Synopses & Reviews
Praise for
The Hatbox Letters"Powning brilliantly illuminates grief in all its shape-shifting pain, and in so doing, expands her characters' lives, and ours...a deeply beautiful book...an extraordinary achievement."
- The Globe and Mail
"Tender and lush. . . . Powning writes about grief with uncanny precision; she gets all its ambushes and piercing aches exactly right."
- National Post
"Powning's subject here is no less than the relationship of life and death, and she engages it with rigor and grace."
- Quill & Quire
Praise for Home: Chronicle of a North Country Life
"A beautiful celebration of natural life. . . . "
- E. L. Doctorow
"In a world increasingly cynical and numb, Powning puts a light in the window for us all. . . . " - Chicago Tribune
"Powning combines an extraordinary understanding and sense of place with an affinity for the world of nature...this book imparts a feeling of serenity; Annie Dillard fans will enjoy it."
- Publishers Weekly
"An eloquent celebration of the rural lifestyle and a joy to experience."
- The Bloomsbury Review
"Powning's choice of language and the rhythm of her prose wondrously evoke the idea of living within a natural setting. . . ."

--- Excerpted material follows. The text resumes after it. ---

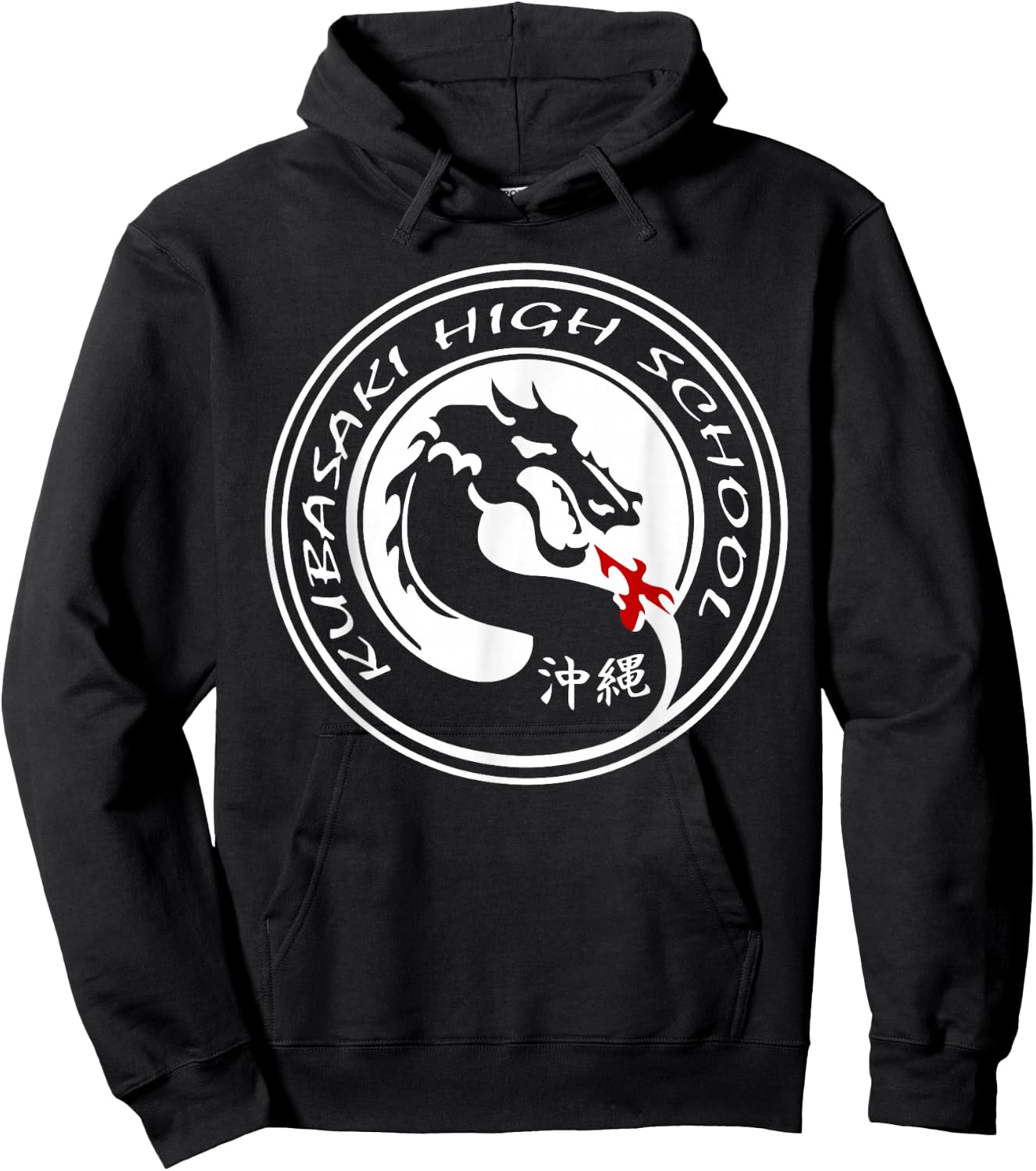 Kubasaki High Dragons Kubasaki Okinawa Island Okinawa Japan Hoodie - Hoodie | Black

- San Francisco Book Review
Review
"Powning's writing is lyrical, with its focus on the hatboxes' secrets and the earthy beauty of the Canadian countryside. The author poignanty and creatively draws parallels between Giles' trials and Kate's tragix loss and ability to rediscover life on her own."--Romantic Times, four stars"Powning has a delicate and lyrical touch."--Kirkus"Powning does an excellent job of portraying Kate's Sadness, divulging the tales of her family and focusing on the quiet beauty of her surroundings."--Publishers Weekly
Synopsis
A luminescent debut novel following one woman's journey through love, loss, grief, and renewalIn her rambling Victorian house, surrounded by heirloom gardens and the gentle sounds of a river, fifty-two-year-old Kate Harding faces her second winter since the untimely death of her husband. In her living room are several hatboxes filled with letters recently brought by her sister from the attic of their grandparents' eighteenth-century Connecticut house. Kate remembers the sense of permanence and refuge that she felt in her grandparents' apple-scented world, as well as, more recently, with her husband. As she begins to read the hatbox letters, she discovers that what to a child seemed a serene and blissful marriage was in fact founded on a tragic event. As Kate's eyes clear to the truth of the past, a new tragedy unfolds, and her own house, filled with the shared detritus of marriage and motherhood, becomes the refuge where Kate can connect the strands of her unraveled life.
About the Author
Beth Powning is the author of Home: Chronicle of a North Country Life, and Shadow Child: An Apprenticeship in Love and Loss. Born in Connecticut, she now lives in Sussex, New Brunswick.
Reading Group Guide
1. Why does it take so long for Kate to begin reading the letters/diaries? How is reading the letters similar to the "act of dispossession" that she is going through with Tom's belongings?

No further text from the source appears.